Update: On Thursday, Ivanhoé Cambridge announced it will strengthen its Hub & Flow logistics platform with the acquisition of a 92,000 m2 warehouse in Fos-sur-Mer, near Marseille:
Ivanhoé Cambridge announces the acquisition of a new logistics platform in Fos-sur-Mer, in the Bouches-du-Rhône region of France, from Faubourg Promotion (Groupe IDEC). Ideally located in the heart of an industrial zone, this asset of more than 92,000 m2 will benefit from a strategic location in the “European backbone,” at the crossroads of France, Spain and Italy. This brand-new logistics warehouse is being developed in three phases. The first two, totalling 68,600 m2, have already been delivered and leased to the Adéo Group (Leroy Merlin), the world’s third-largest retailer of consumer goods for the home improvement and décor sectors. The third phase, with a surface area of 23,648 m2, will be delivered by mid-2023.
At the junction of three French regions with strong demographic growth, the asset is located close to numerous national and regional roads, making it easy to reach the main economic, industrial and transport hubs, in particular Marseille, located 50 kilometres away. In addition to immediate access to the port of Marseille – Fos, France’s second-largest port, the location of this warehouse features access to a substantial, high-quality employment pool, while enabling the activities located there to reach 12 million consumers within five hours by road.

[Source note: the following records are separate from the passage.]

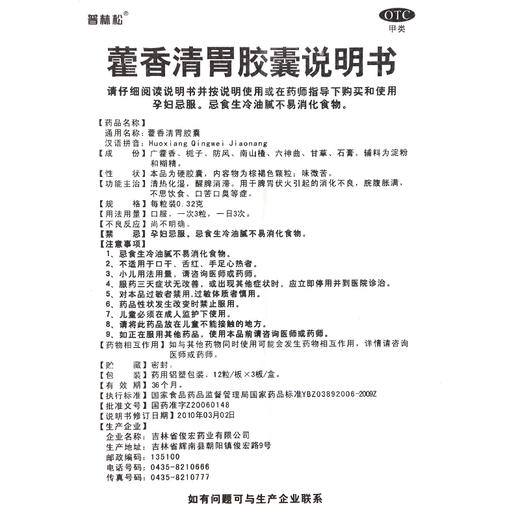 普林松藿香清胃胶囊36粒消化不良口干口苦口臭饮食脘腹胀满没食欲 商品图3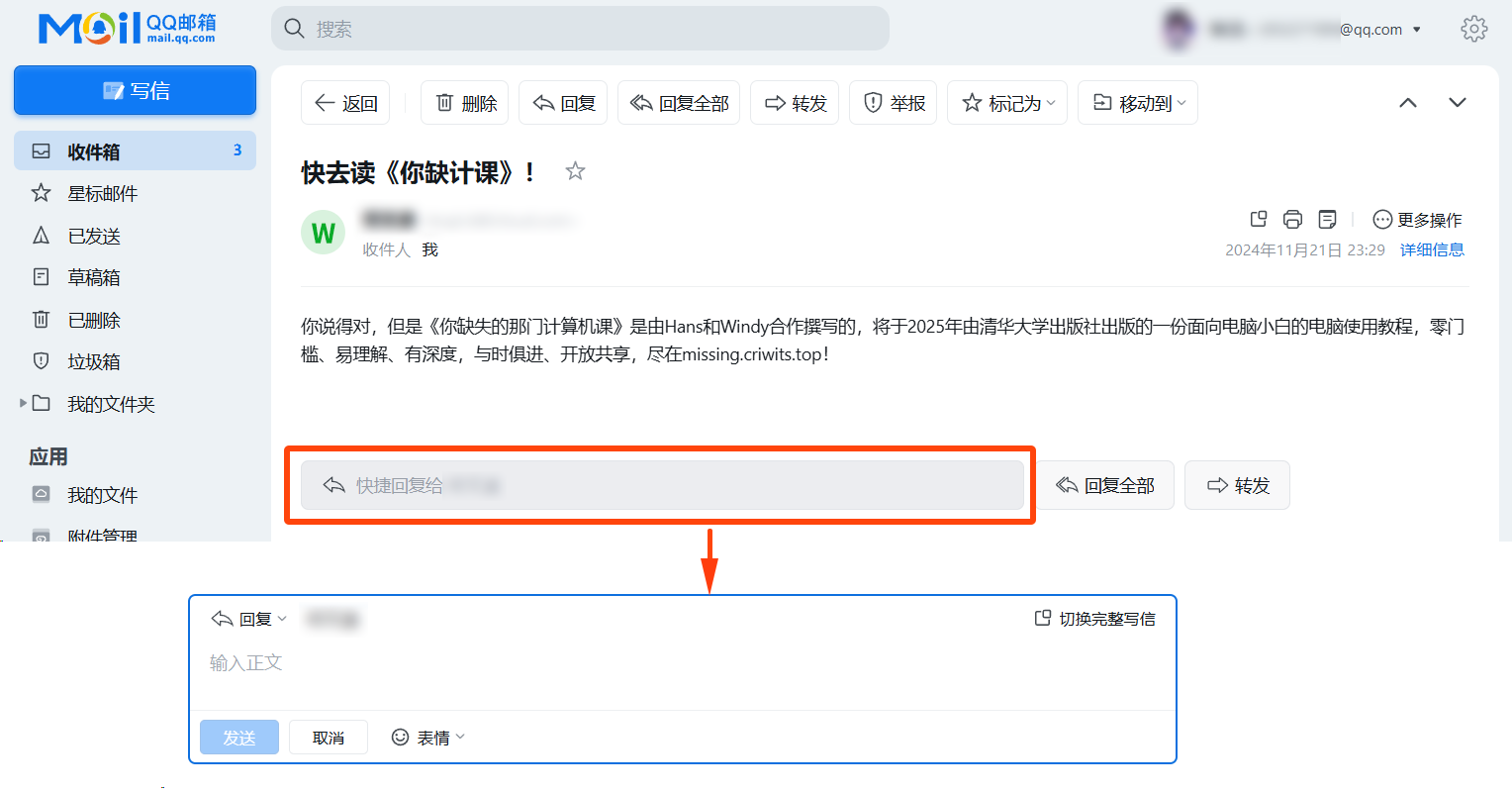 QQ 邮箱回复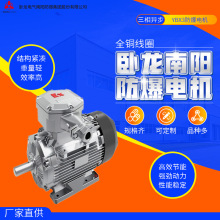 卧龙南阳低压YBX3三相异步电动机0.75kw1.5kw隔爆型YBX3非防爆YE4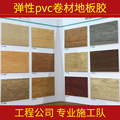 PVC加厚耐磨防水地板革 水泥地直铺地板贴塑料地胶家用商用工程革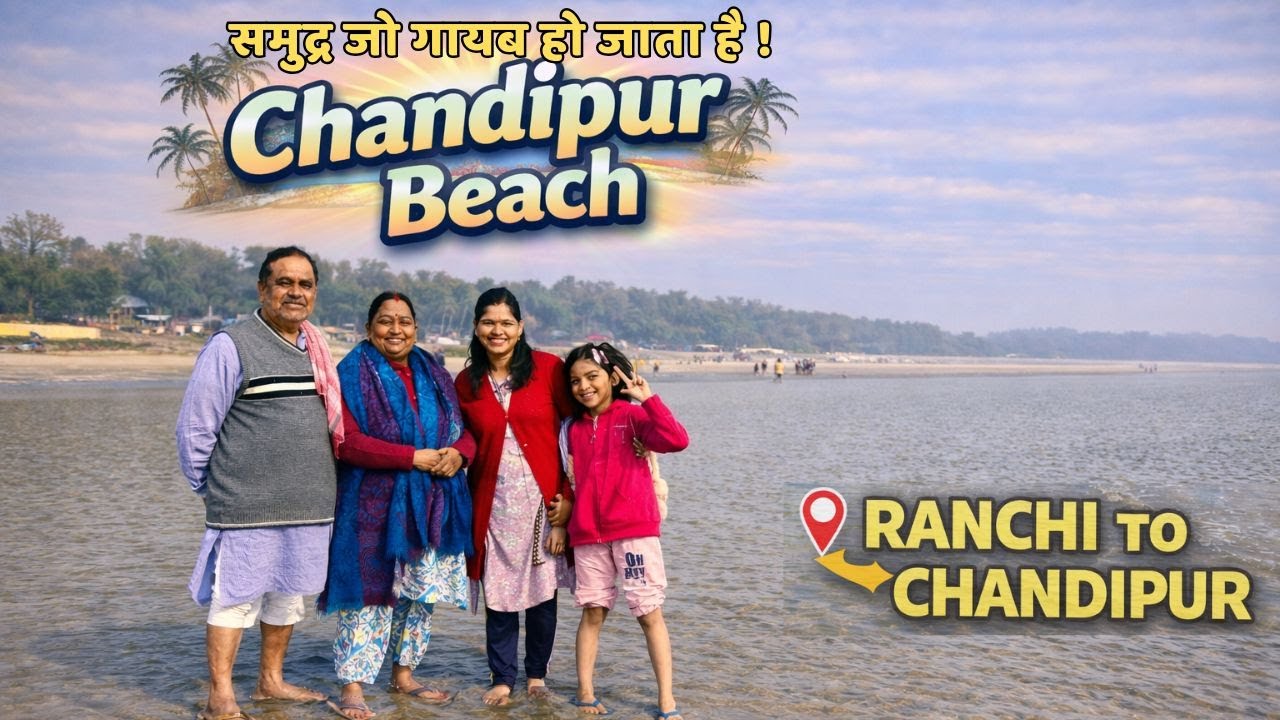 चांदीपुर बीच: जहाँ रोज़ गायब हो जाता है समुद्र 😲 | Chandipur Beach Odisha | Vanishing Sea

This transaction is in line with Ivanhoé Cambridge’s logistics strategy in Continental Europe. In February 2020, the company acquired Hub & Flow, a portfolio of logistics assets in the main hubs of Paris and Lyon, which was completed in November 2020 with a 36,000 m2 logistics platform in Roye (Hauts-de-France) and, in July 2021, with a 49,000 m2 warehouse in Mer, southwest of Orléans. The addition of this new asset brings the Hub & Flow portfolio to 20 assets for a total of 600,000 m2. Thanks to the signing of two new tenants at the Saint-Quentin-Fallavier site, the Hub & Flow portfolio has now a 94% occupancy rate.

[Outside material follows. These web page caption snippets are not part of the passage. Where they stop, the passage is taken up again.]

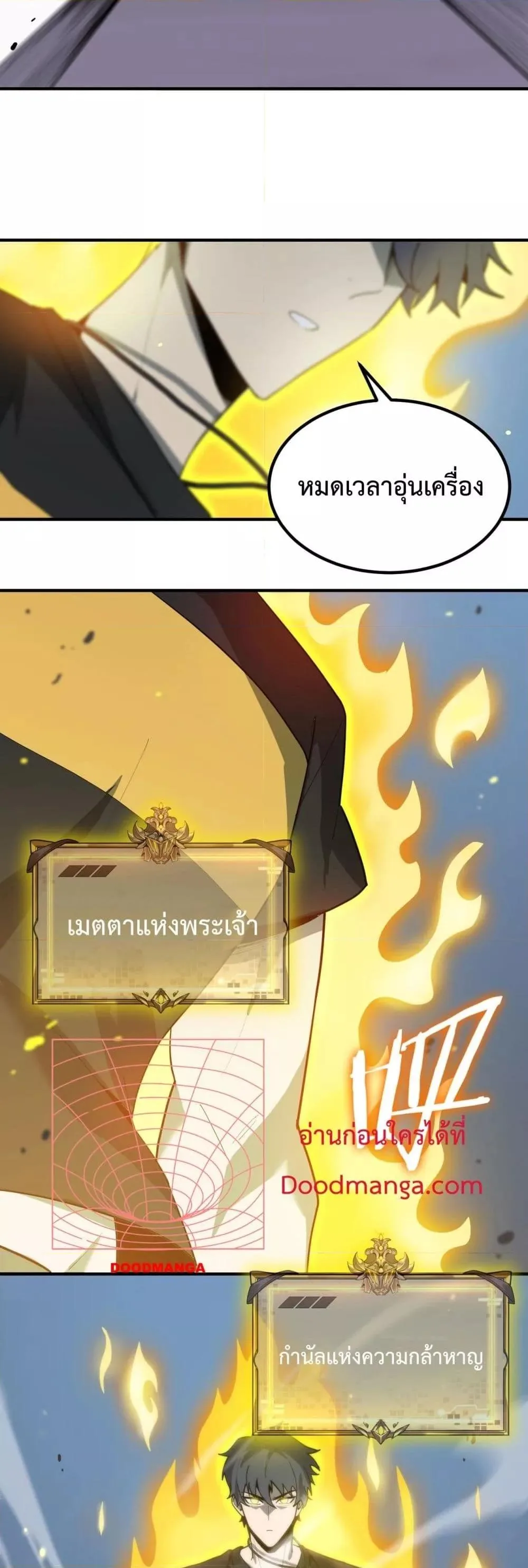 SSS level Saint Knight who transcends common sense อาชีพลับในตำนาน อัศวินศักดิ์สิทธิ์ ระดับ SSS ตอนที่ 10 หน้า 40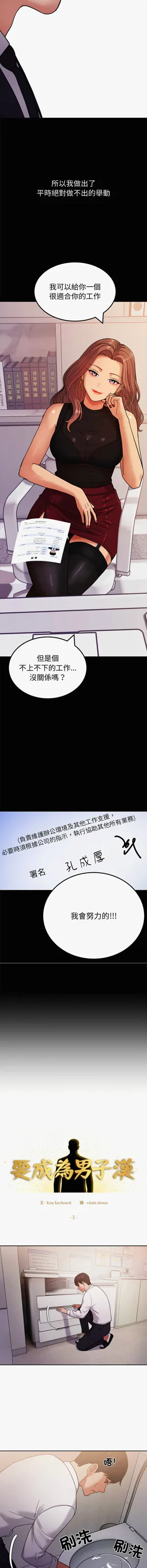 第51頁圖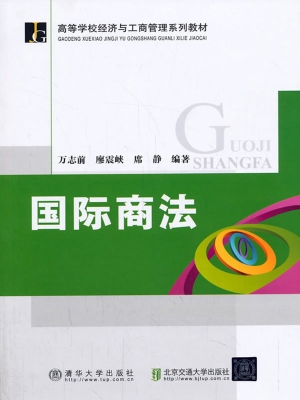 国际商法
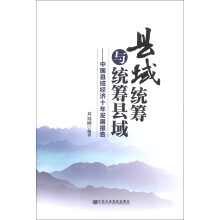 县域统筹与统筹县域:中国县域经济十年发展报告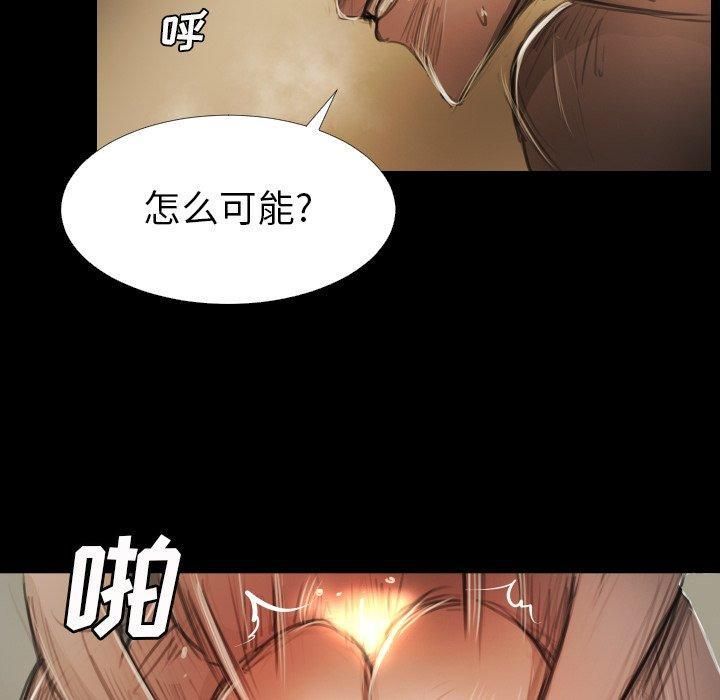 詭秘的姐妹第18話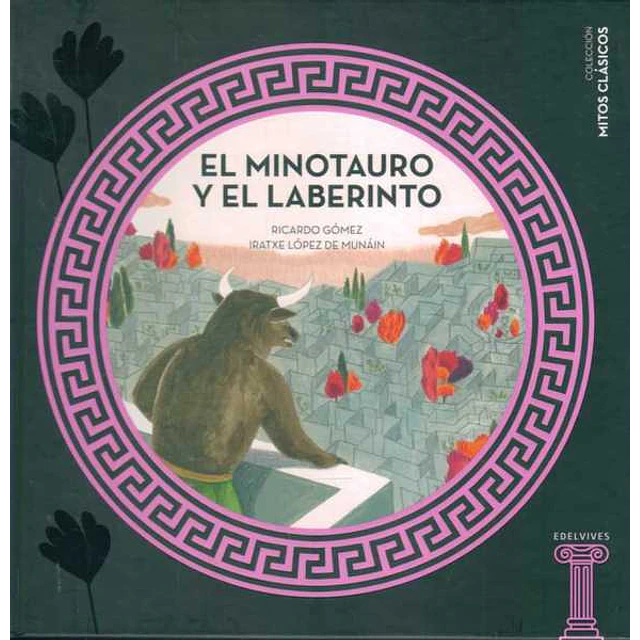 El minotauro y el laberinto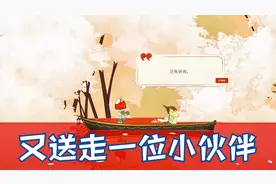 《灵魂摆渡者Spiritfarer》P52送走小蘑菇，终于得到了丝绸布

This latest-generation Fos-sur-Mer platform (Class A) will feature high environmental standards (BREEAM Very Good) and 46,000 m2 photovoltaic roofs. The solar energy generated will be redistributed to the regional network. The Panhard Group, which is already managing the Hub & Flow portfolio, will continue its work on this new warehouse.
“This acquisition strengthens our Hub & Flow logistics portfolio and rebalances our geographical coverage in the south of the European backbone, enabling us to cover the Marseille – Aix area and population. It also demonstrates Ivanhoé Cambridge’s ability to adapt developers’ needs by promoting or co-promoting developments, participating in VEFAs or, in this case, forward sales for Fos-sur-Mer,” says Arnaud Malbos, Head of Investments, Europe, Ivanhoé Cambridge.

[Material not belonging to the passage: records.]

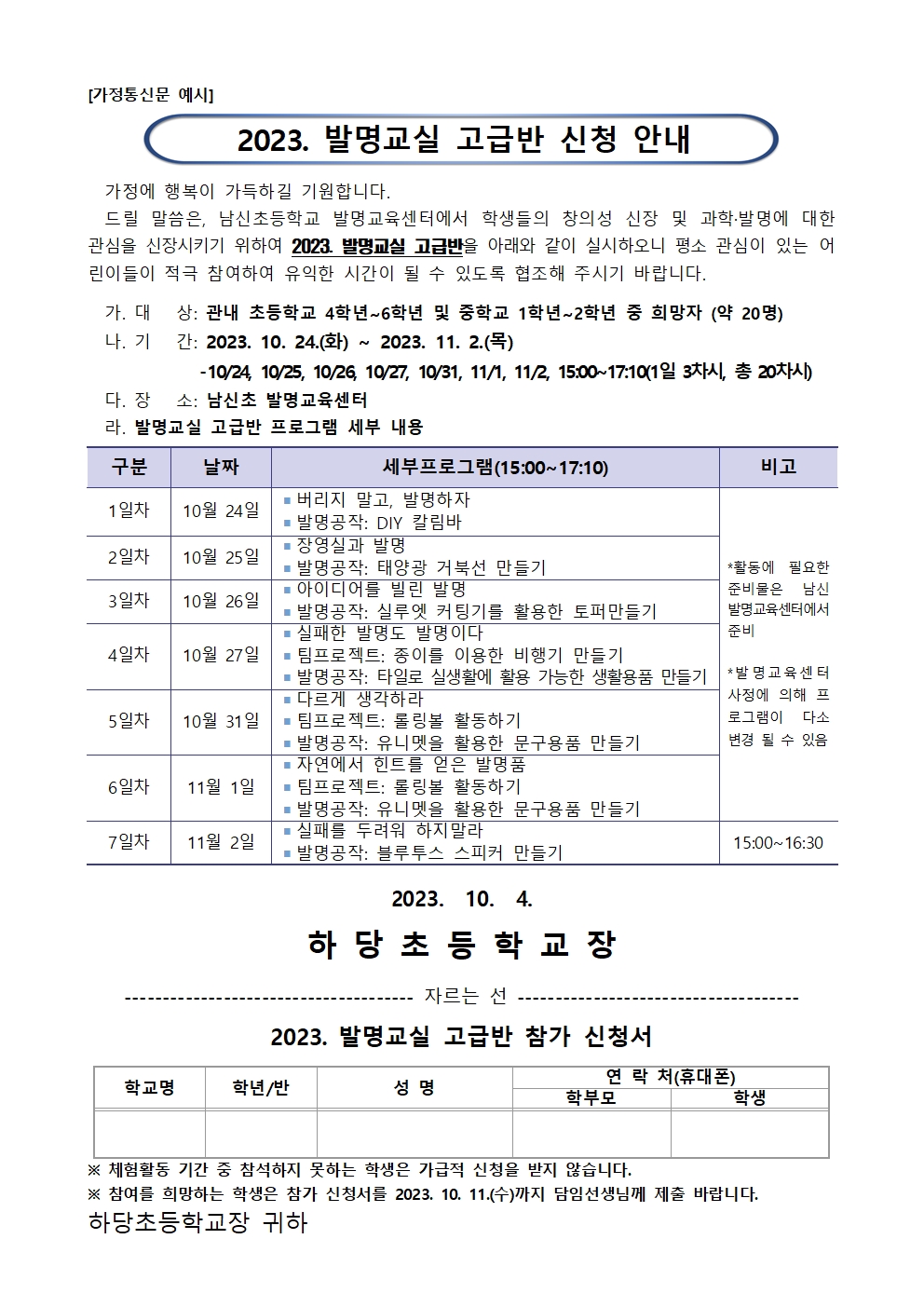 남신초등학교_2023. 발명교실 고급반 안내문001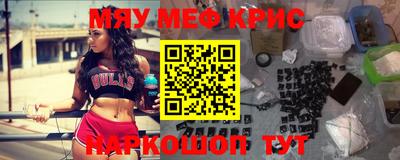 марихуана Конаково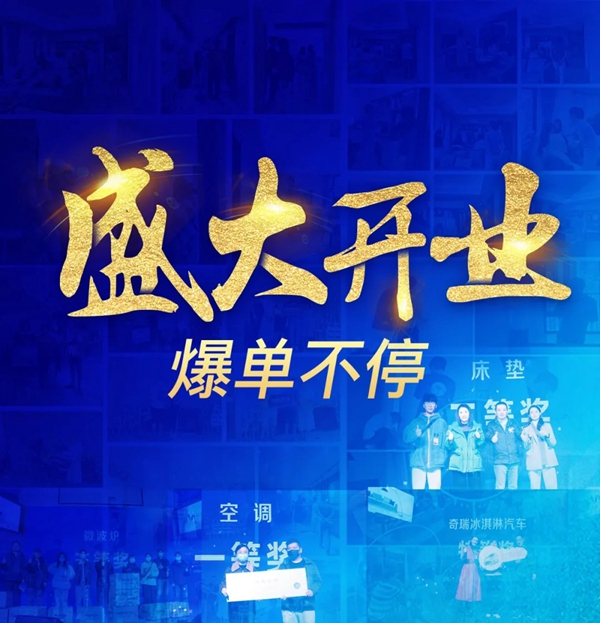 明星助阵，沸腾庆典！美尼美快装定制合肥金太阳店盛大开业！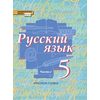 Русский язык. 5 класс. Учебник. В 2-х частях. Часть 1. ФГОС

Ivanhoé Cambridge was advised in this transaction by Allez & Associés, Gid e Loyrette Nouel, Lacourte Raquin Tatar, Panhard, Etyo, and BNP Paribas Real Estate. The transaction was completed by Capital Return Opportunity.
Great acquisition and only strengthens the argument that logistics properties remain a high conviction sector for all of Canada's large pensions.
Update: See my comment on how CPP Investments will form a US$1.1 billion joint venture with Bridge for build-to-core industrial assets in the United States. Recall, I covered Bridge back in May when it and PSP Investments partnered to deploy around $1.4 billion into the acquisition and development of last-mile warehousing and distribution facilities in, and around, London and the Midlands region of the United Kingdom.